Maiken Bjørkan’s blog: Viva España!

From November 2013 until March 2014, Maiken, a social anthropologist based in Norway, will be living and working in Spain. Working with fishermen and scientists involved in the Red Shrimp case study, Maiken will be studying how management plans are implemented from a “people perspective”. You can read all her blog posts here.

I love doing fieldwork. However, I do not love preparing for it. It means cleaning and packing and trying not to forget stuff. This time, it has meant even more preparation since I am taking my baby girl (Alma, soon to be 8-months old) and partner (Bjørn) as well. However, now that we are here, it is all worth it.
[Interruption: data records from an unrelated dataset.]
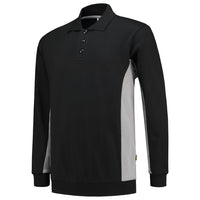 Black-Grey_01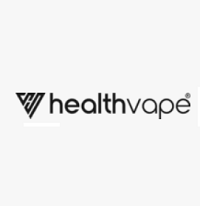 Health Vape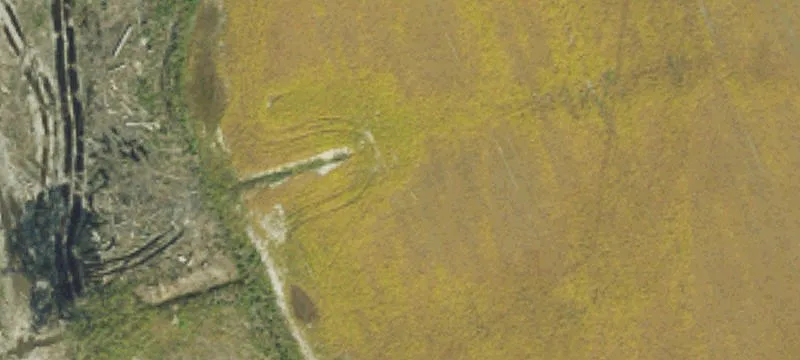 1283 Us Hwy 64th W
Barcelona is a gorgeous city, we have a nice apartment next to Camp Nou, and Joan B. Company (our lead scientist in Barcelona) has provided me with an office space ON the beach promenade. Instead of the cold and windy streets of Tromsø where the sun hides below the mountains, I am looking at the sunny Mediterranean Sea framed by palm trees. I love doing fieldwork!

Settling in
Since this is an exchange visit, a lot of the fieldwork preparation has been a free ride so far. Joan has organised an office, I have met some of the other science partners, and I have been given a lot of reading material. Normally, I would have preferred to get a lot of the information before going on the field, but most of it isn’t available online so one really needs to be there to get started (as always, I find). We are already planning to go to the port of Palamos next week, depending on the weather. I often find that the world of fisheries management is quite small, especially in the social science sphere, and this has proven to be true in Spain too; I have found a social scientist named Joan L. Alegret, working with the management plan. I have already made contact with him (Note: I am sure that he will be a great informant for the case – he has been working with these fishers for years!).

Getting back to the case
First of all, I want to get an understanding of the process of the management plan, and the why and how of the alliances that are made between fishers and scientists here. After meeting some of the local scientists, I am starting to understand that it is a little more complex than I first thought (it always is).

So to achieve this, I need to get an overview of the general context in which the case is located: the Mediterranean (Note: why did I not read up more on the actual management plan, working groups, assessments etc?? Go here to learn more).

Actually, the Med management is comprised of 21 countries + EU and Japan (Note: why Japan???). According to the local GAP partners, the Palamos Shrimp management plan will be the first management plan in the Med, which in general is managed through input (fishing effort) and selectivity instruments.

Secondly, I need to get to know the local context and actors.

NOTE ON METHOD: Doing fieldwork ON scientists gives me somewhat of an identity crisis. Since we are colleagues, I want them to respect me and I want to demonstrate that I have the skills and understanding of biological aspects as well. I have been through this during my PhD as well (with the IMR scientists) so I was somehow more prepared this time. Still, I think it is difficult since I get more information by being a “naive anthropologist” in the field.